Wednesday, October 5, 2011

Talking Points #4

Unlearning the Myths that Bind Us by Linda Christensen

     Of all the reading's we have done so far, I enjoyed this one the most so far. It really got me thinking about my childhood and things that were shaping me and my beliefs without me even knowing.
   Christensen, when working with her students and cartoons asks "What would children learn about what's important in this society?" I asked myself the same question and was really saddened by my thoughts. The very things we loved as children are contributing to issues such as the rules and codes of power and the luxury of obliviousness argued by Delpit and Johnson in previous readings.
  Something right in front of your face is often easy to look past.  How is it that all this stereotyping just sort of slipped by in editing? The fact that it did, is in itself the problem. We need to take notice and put forth the effort to change this and the fact that it is so engrained in us to overlook it.

   I really love the Disney princess movies, but I see both sides. The first being where Disney likes to think of the princesses as role models but they're the source of insecurities and they teach young girls that they need a man to be happy (this example being in cartoon form above).  The other side however is that the movies really do teach good lessons.  For example, Mulan teaches girls that courage is often rewarded, Pocahontas teaches girls to never be afraid to lead and be yourself, and Belle teaches girls to never be afraid to explore beyond the limits. Both are valid arguments with much support from all the movies.
     This also got my mind reeling about Disney princesses and race.

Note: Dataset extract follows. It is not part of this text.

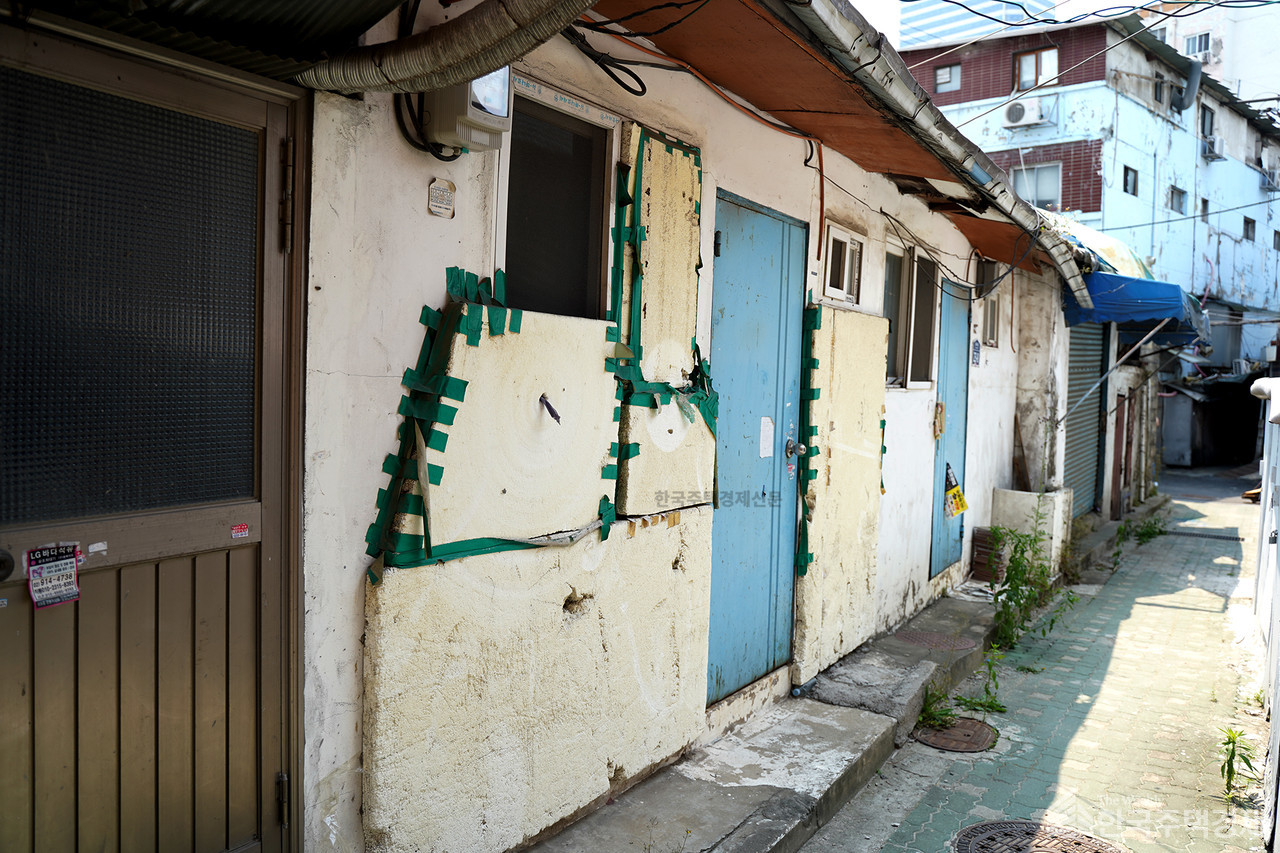 창신동 재개발 구역의 민가 [사진=이호준 기자]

All of the princesses are beautiful, thin, well spoken WHITE women.  I'll give it to Disney - yes, you did add in Jasmine, Pocahontas, Mulan and Esmeralda (who I consider a princess!) but it took them until just recently to have an African American princess. Disney makes many attempts to create cultural diversity in its films and its other products and tries to reach a broad audience and occasionally has marketing campaigns directed towards minorities, but are they really successful?  It honestly still seems like Disney films work to maintain the invisibility of whiteness.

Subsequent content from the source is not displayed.